> Short text fragments from websites
● ● ● ● ●
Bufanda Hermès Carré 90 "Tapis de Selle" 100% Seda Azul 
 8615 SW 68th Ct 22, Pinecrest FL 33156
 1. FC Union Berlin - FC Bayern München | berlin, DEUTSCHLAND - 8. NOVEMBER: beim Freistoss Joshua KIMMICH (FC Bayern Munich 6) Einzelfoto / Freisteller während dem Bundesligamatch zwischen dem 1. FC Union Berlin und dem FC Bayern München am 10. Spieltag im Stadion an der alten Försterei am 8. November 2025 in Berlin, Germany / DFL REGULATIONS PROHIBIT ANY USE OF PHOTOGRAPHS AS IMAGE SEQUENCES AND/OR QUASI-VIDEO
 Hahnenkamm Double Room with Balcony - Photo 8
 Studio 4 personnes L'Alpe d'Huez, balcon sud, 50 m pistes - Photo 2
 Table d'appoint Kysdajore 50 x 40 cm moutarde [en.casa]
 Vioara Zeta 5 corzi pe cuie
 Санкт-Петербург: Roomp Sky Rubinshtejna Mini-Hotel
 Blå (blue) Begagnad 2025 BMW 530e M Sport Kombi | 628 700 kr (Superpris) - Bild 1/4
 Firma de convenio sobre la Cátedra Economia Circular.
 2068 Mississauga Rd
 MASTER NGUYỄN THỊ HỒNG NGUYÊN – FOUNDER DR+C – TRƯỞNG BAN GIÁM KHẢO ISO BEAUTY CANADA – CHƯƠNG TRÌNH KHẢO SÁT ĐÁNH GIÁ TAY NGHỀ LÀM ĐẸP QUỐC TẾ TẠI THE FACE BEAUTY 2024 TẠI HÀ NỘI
● ● ● ● ●
The records above are to be repeated in full, word for word.

> Response to the task
Bufanda Hermès Carré 90 "Tapis de Selle" 100% Seda Azul 
 8615 SW 68th Ct 22, Pinecrest FL 33156
 1. FC Union Berlin - FC Bayern München | berlin, DEUTSCHLAND - 8. NOVEMBER: beim Freistoss Joshua KIMMICH (FC Bayern Munich 6) Einzelfoto / Freisteller während dem Bundesligamatch zwischen dem 1. FC Union Berlin und dem FC Bayern München am 10. Spieltag im Stadion an der alten Försterei am 8. November 2025 in Berlin, Germany / DFL REGULATIONS PROHIBIT ANY USE OF PHOTOGRAPHS AS IMAGE SEQUENCES AND/OR QUASI-VIDEO
 Hahnenkamm Double Room with Balcony - Photo 8
 Studio 4 personnes L'Alpe d'Huez, balcon sud, 50 m pistes - Photo 2
 Table d'appoint Kysdajore 50 x 40 cm moutarde [en.casa]
 Vioara Zeta 5 corzi pe cuie
 Санкт-Петербург: Roomp Sky Rubinshtejna Mini-Hotel
 Blå (blue) Begagnad 2025 BMW 530e M Sport Kombi | 628 700 kr (Superpris) - Bild 1/4
 Firma de convenio sobre la Cátedra Economia Circular.
 2068 Mississauga Rd
 MASTER NGUYỄN THỊ HỒNG NGUYÊN – FOUNDER DR+C – TRƯỞNG BAN GIÁM KHẢO ISO BEAUTY CANADA – CHƯƠNG TRÌNH KHẢO SÁT ĐÁNH GIÁ TAY NGHỀ LÀM ĐẸP QUỐC TẾ TẠI THE FACE BEAUTY 2024 TẠI HÀ NỘI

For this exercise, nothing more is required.